But the Murray’s tenure, too, proved comparatively short, and interrupted by Sir Brian’s term as Governor of Victoria. After he died in 1991, Lady Janet continued the business for a time, but in 1996 sold to pathologist, Dr Barry Moran and wife Maureen.

With great energy and vision, Moran and family expanded the vineyard sixfold and built a new winery and cellar door. Despite these efforts, however, Doonkuna’s wines still lagged the quality of Canberra’s best when Moran died in 2009.

But Eden Road winemaker Nick Spencer sees great potential in the vineyard, located on granite soils, similar to those at Clonakilla and other proven sites nearby.

We always had a long-term plan to look for a vineyard and build a winery in the district”, he says. And when Doonkuna came on the market it proved almost a perfect fit.

It’s in a plum location, has mature vines and there’s a well-equipped winery with capacity to process around 500 tonnes of grapes (equivalent to around 35 thousand dozen bottles).
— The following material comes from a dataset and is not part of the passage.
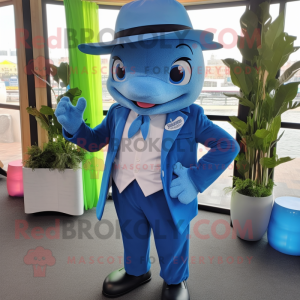 Sky Blue Dolphin mascotte...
There’s something exciting about Murrumbateman in general”, says Spencer. “It’s a special feeling walking up and down rows of vines every day, getting to know them intimately. It helps quality and it’s an inspiration. We need to have a home and it’s very exciting having our own patch of soil and trying to express a sense of place”.

Even before last week’s settlement, Eden Road had begun moving wine barrels from its old home in Elvin Group’s Kamberra complex, Watson, to Doonkuna. But the main game, once they’ve moved the tanks of bulk wine, will be in restructuring the vineyard.

Spencer expects to halve the current plantings of around 14 hectares to around seven or eight, “focusing almost entirely on shiraz and riesling, with a touch of viognier”.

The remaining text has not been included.